Can I make random mask with Numpy?

11,164

Solution 1

Create an array of False values, set the first 1000 elements them to True:

a = np.full(10000, False)
a[:1000] = True

Afterwards simply shuffle the array

np.random.shuffle(a)

For a slightly faster solution you can also create an array of integer zeros, set some values to 1, shuffle and cast it to bool:

a = np.zeros(10000, dtype=int)
a[:1000] = 1
np.random.shuffle(a)
a = a.astype(bool)

In both cases you will have an array a with exactly 1000 True elements at random positions.

If instead you want each element to be individually picked from [True, False] you could use

np.random.choice([True, False], size=10000, p=[0.1, 0.9])

but note you cannot predict the number of True elements in your array.

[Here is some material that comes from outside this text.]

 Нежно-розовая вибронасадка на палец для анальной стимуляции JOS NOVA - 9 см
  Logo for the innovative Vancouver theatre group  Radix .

You'll just know that on average you'll have 1000 of them.

Solution 2

A common solution is creating an array of random integer indices, which can be efficiently done with numpy's random choice.

With this setup:

n_dim = 10_000  # size of the original array
n = 100         # size of the random mask
rng = np.random.default_rng(123)

To create the array of random index we can use numpy's choice passing the array size as first argument:

In [5]: %%timeit  
   ...: m = rng.choice(n_dim, replace=False, size=n) 
   ...:  
   ...:                                                                                                                                  
21.9 µs ± 161 ns per loop (mean ± std. dev. of 7 runs, 10000 loops each)

As a comparison, the boolean array approach mentioned in other answers (which requires shuffling an array of 0 and 1s) is quite slower (>10x slower in this example):

In [7]: %%timeit 
   ...: m = np.hstack([np.ones(n, dtype=bool), np.zeros(n_dim - n, dtype=bool)]) 
   ...: rng.shuffle(m) 
   ...:  
   ...:                                                                                                                                  
261 µs ± 604 ns per loop (mean ± std. dev. of 7 runs, 1000 loops each)

NOTE: The integer indexing works best in the sparse case, i.e. when selecting a small fraction of samples from the original array. In this case the RAM usage of an integer index would be much lower than a boolean mask. When the fraction of samples becomes more than 10..20% of the original array the bool mask approach would be more efficient.

NOTE2 The integer indexing will return samples in random order. In order to random sample an array while maintaining the order you need to sort the index. The bool mask would naturally return sorted samples.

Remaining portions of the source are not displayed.